The appellate decision Wednesday not only allows the Milwaukee club to move forward with its PPP loan application, it lays the groundwork for how other cases in the region will be decided, according to Admiral attorney Lirot.

Meanwhile, the corporate owner of another Chicago gentlemen’s club has secured millions of dollars in PPP loans — by excluding its adult properties from the application.

RCI Hospitality Holdings, a publicly traded Texas chain, owns 40 upscale gentlemen’s clubs, restaurants and bars, including Rick’s Cabaret, formerly VIP’s, on the city’s Near North Side.

The company said it received $4.2 million in PPP loans for 10 Bombshells restaurants in Texas, $1.1 million for a “shared-services” subsidiary and $124,000 for a lounge.

“None of our adult nightclub and other non-core business subsidiaries received funding under the PPP,” the company said in a May 11 news release announcing its second-quarter earnings. 

An RCI spokesman did not return a request for comment.

RCI furloughed 1,900 workers as the COVID-19 pandemic brought operations to a full stop in March. It began reopening its Texas restaurants in May, but Rick’s Cabaret in Chicago remains closed.

The Admiral, a former 1920s-era vaudeville house and longtime Northwest Side adult entertainment venue, could be among the last businesses in Chicago to welcome back customers under the state’s five-phase reopening plan.

Entertainment venues can open with limited capacity in phase four, which would likely not come until at least the end of June, according to state targets. The Chicago area is currently in phase two, which reflects a flattening of the COVID-19 infection curve.
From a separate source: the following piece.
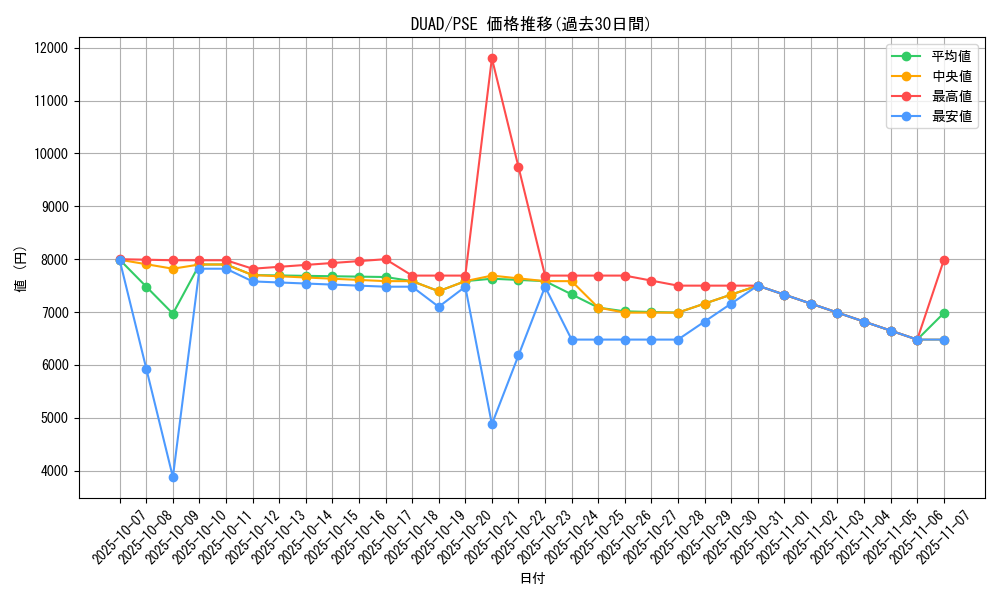 series_4400_rarity_8_graph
If the Admiral does get its PPP loan, the dancers will not necessarily benefit directly. Like many adult clubs, the Admiral treats dancers as independent contractors, not employees, and they don’t receive paychecks, working primarily for tips and fees paid by customers. 

Instead, the money would be used to pay the other staff at the Admiral as an eight-week bridge to reopening the club.

“The dancers would have the right to make their own application, since in the gig economy, they’d be the same as the Uber driver or the cosmetologist that owns her own chair,” Lirot said.